2019 LSAT Policy: How Many Times Can I Take The Exam?
The LSAC changed its testing policy this fall and it’s critical that you’re aware of the changes. LSAC announced the changes in June and implemented them in September. However, the news seems to travel slow and we understand that not everyone is aware of the new policy. In this post, we break down the 2019 LSAT policy changes, dissect how they compare to the old rules, and lay out what this means for you!
2019 LSAT Policy: How Many Times Can I Take the Exam?
As of September 2019, LSAC now allows you to take the LSAT:
- three times per year,
- five times in the past five testing years, and
- seven times within a lifetime.
This is a major departure from past policy that now puts strict caps on the number of times a person can take the LSAT.
Under the “old LSAC rules” instituted in September 2017, students were able to take the LSAT as many times as they wanted.
Students had the flexibility to decide when to take the LSAT without the pressure of any sort of cap.
Students could sit for the exam, see how they did, and then take the LSAT again when they felt like it. This also allowed students to try repeatedly to increase their score, sometimes even after admission, for additional scholarship awards. This cap prevents applicants from doing this.
[Note: Prior to this, dating back to June 2011, LSAC only allowed students to take the exam three times in a two-year period. These are the old, old rules.]
How does this change affect me?
For most, this new rule should not change anything. Strive to take the LSAT as few times as possible. However, the rule change does require that you are now even more strategic about when you plan to take the LSAT.
Never take the LSAT to “try it out.” Though you may have got away with this under the old rules, the new rules won’t accommodate it. With each exam you take, you are limiting how many future exams are available to you.
Be thoroughly prepared before you sit for an exam. If you’d like to “get a feel” for the exam, go to a quiet room, silence your cell phone, and time yourself in 35-minute increments while you take a real exam. LSAC releases a free past exam on their website that you can use for this purpose. You can purchase past LSAT exams for practice. (If you’re in the metro-Detroit or Lansing area, JD Advising administer FREE mock LSAT exams at Wayne State Law and MSU Law throughout the year.

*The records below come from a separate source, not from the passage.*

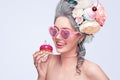 Beautiful blonde woman with a cake. Sweet lady with heart glasses. Vintage style. Fashion photo Royalty Free Stock Photo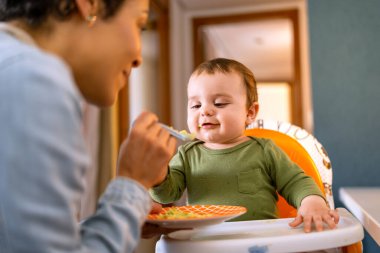 Yeşil elbiseli neşeli çocuk, sevgi dolu anne tarafından kaşıkla besliliyor. Sevimli çocuk evdeki yüksek sandalyede sağlıklı bir yemeğin tadını çıkarıyor..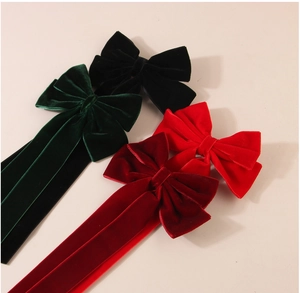 Close-up of velvet bow hair clips with long ribbons in dark green, black, and red colors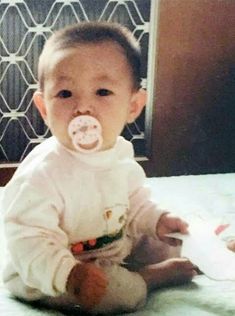 a baby with a pacifier in its mouth sitting on a bed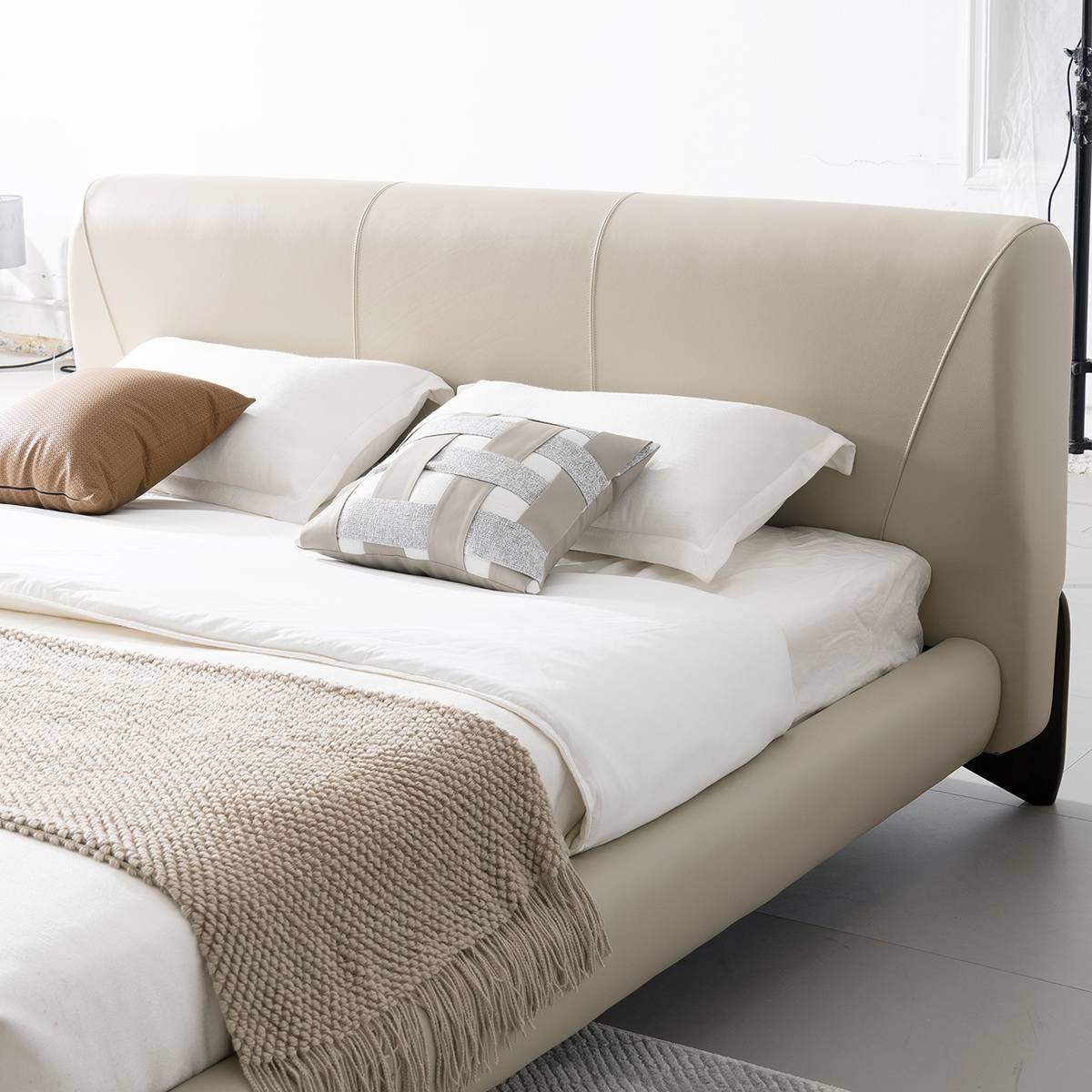 Side view of the beige leather bed with white bedding and a textured throw blanket
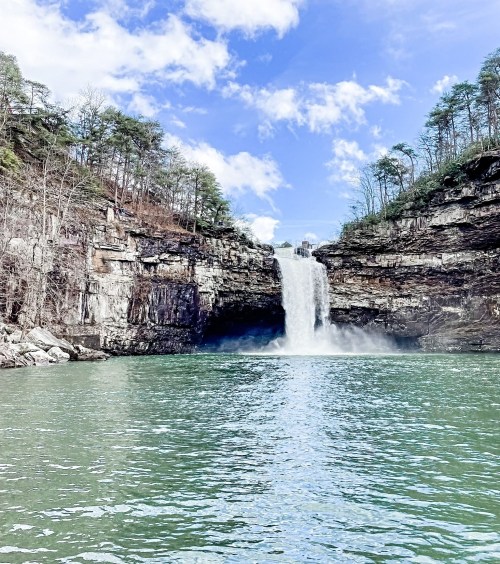 A stunning waterfall cascades into a serene turquoise lake, surrounded by rocky cliffs and lush trees under a blue sky.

This allows you to test under proctored conditions, with other students, and take a real past exam. Ask us for more details on our next exam!)
The new rules also mean that you might get “stuck” with your score. You might not have the chance to go back and retake the LSAT whenever you want (like you could before 9/2019). For many, this might mean choosing between going to a lower-ranking law school (with a score that’s lower than they hoped) or waiting until they are eligible to take the LSAT again.
Lastly, it should be noted that the LSAC changed its policy on how many times a person can take the exam multiple times in recent history. For that reason, be sure to check the LSAC website for the latest updates after 2019.